Architecturedata-warehousesql serversql-server-2012

This is a question about data warehouse design. We are setting up a healthcare datawarehouse and starting with 2 major source systems that combine for about 20,000 tables and 2 TB of data. 1) It is highly dimensional data 2) We don't wan't to heavily effect OLTP systems

We have chosen an incremental Kimball design. My question is, should all of the data be staged, then sorted into inserts/updates and put into the data warehouse. Then the staging data would be cleared for the next incremental load.

This leaves you with 1 copy of the data.

The other method would be to incrementally load it into staging, sort it into inserts/updates and store it in the same format as the source systems. Then we would combine data from the source systems into the datawarehouse from the full copy.

This would essentially leave you 2 copies of the data, one in the form of the source systems and 1 loaded into the actual datawarehouse.
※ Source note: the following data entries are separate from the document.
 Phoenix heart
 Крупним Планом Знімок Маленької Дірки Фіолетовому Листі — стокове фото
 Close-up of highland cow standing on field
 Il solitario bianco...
What is the best practice for this? I originally thought it would be best to only store the copy in the data warehouse and clear the source tables each load.
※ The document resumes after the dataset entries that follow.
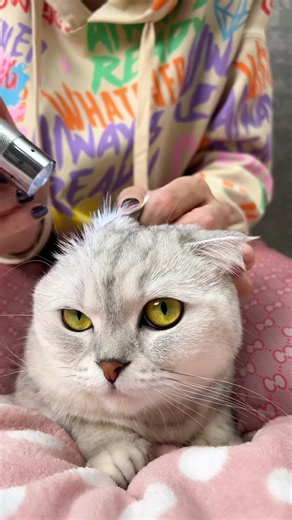 We cosplay Bethlehem from Alchemy Stars! Check the game in my bio💓#AS | Sonya-Kisa.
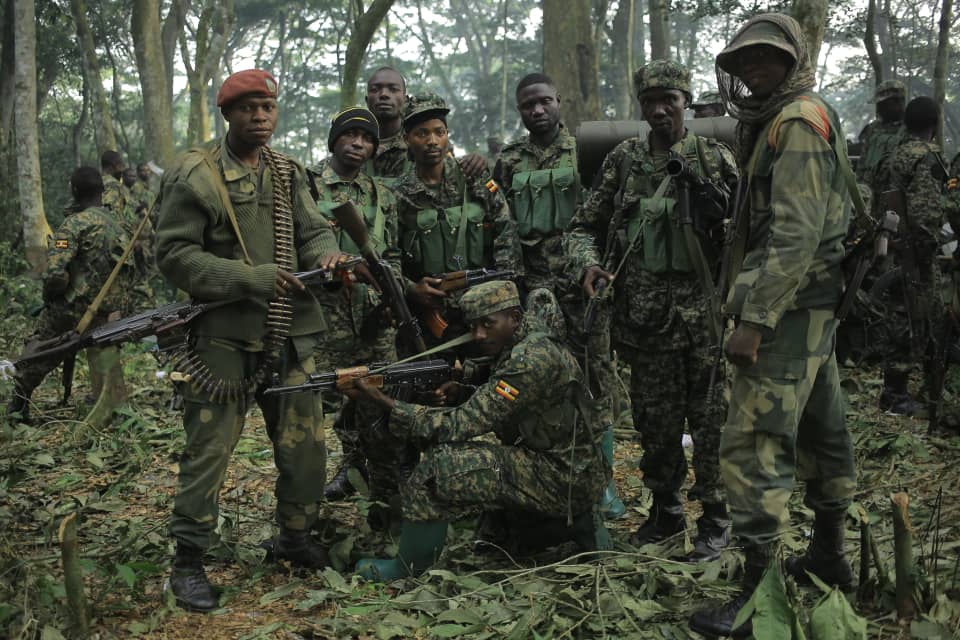 Ituri : les FARDC et l’UPDF intensifient les offensives contre les rebelles ADF à Mambasa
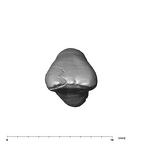 SK 852 Paranthropus robustus LLI1 occlusal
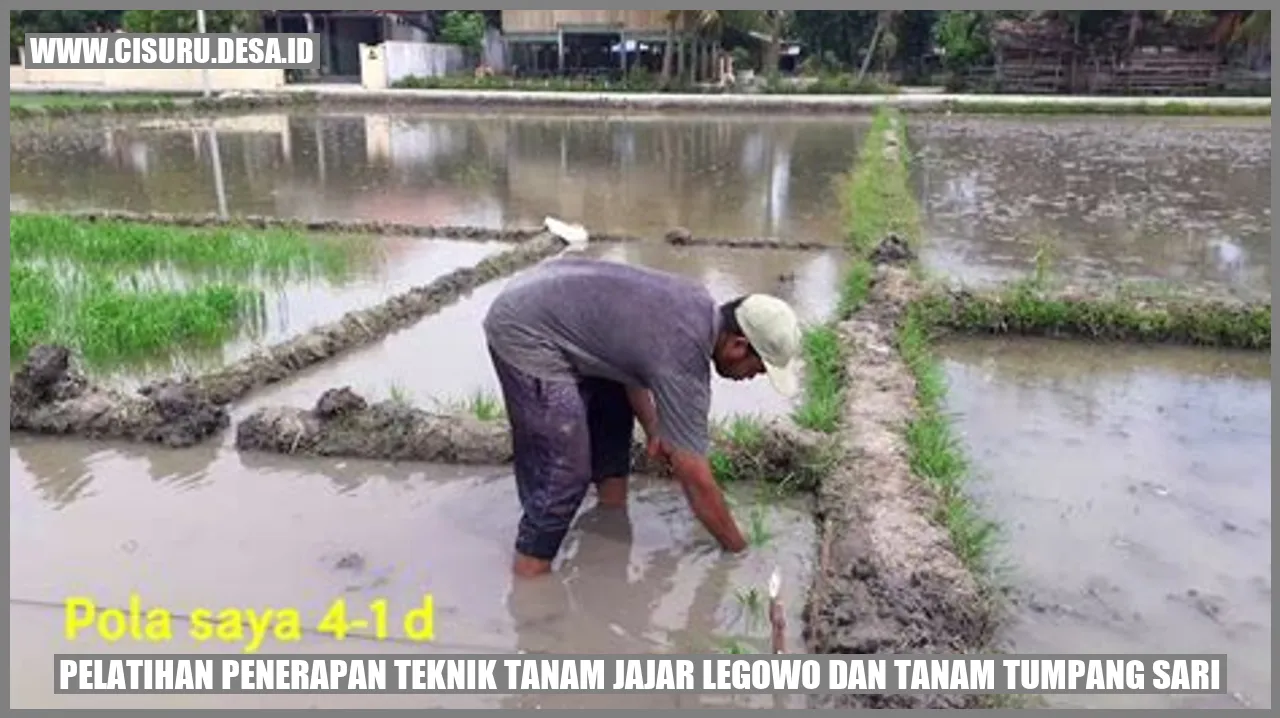 Gambar Teknik Tanam Jajar Legowo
However, in that case if you ever have to go back to an existing dimension and add a column you would have to re-load all the dependent source tables. Plus you would lose history?

It just seems really inefficient to store it twice though….just wanted some thoughts on the design, your experiences and best practice.

Best Answer

Personally i have staging tables for extract, transform and persistent data storage.
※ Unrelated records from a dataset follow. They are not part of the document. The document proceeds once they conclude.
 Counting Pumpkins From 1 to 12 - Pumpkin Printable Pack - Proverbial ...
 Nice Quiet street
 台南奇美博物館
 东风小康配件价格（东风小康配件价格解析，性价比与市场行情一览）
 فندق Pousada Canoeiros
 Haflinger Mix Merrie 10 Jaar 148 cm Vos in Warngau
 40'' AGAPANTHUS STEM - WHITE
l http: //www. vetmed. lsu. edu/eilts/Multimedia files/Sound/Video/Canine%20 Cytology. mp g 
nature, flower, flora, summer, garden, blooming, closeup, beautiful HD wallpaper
Whether you do full exports or incremental loads will depend on what tools you have, your strategy and whether your app schema and data support it. Sometimes you cant avoid full exports.

Adding a column to a dimension isnt a big deal, but backfilling historic data could be very difficult or may not be possible at all. Trying to reconstruct how an app looked at a point in time retrospectively would be a major undertaking. You would need a very good case to justify that.

All of the things you mention are possible, but only you can decide if the cost/benefit is worth it.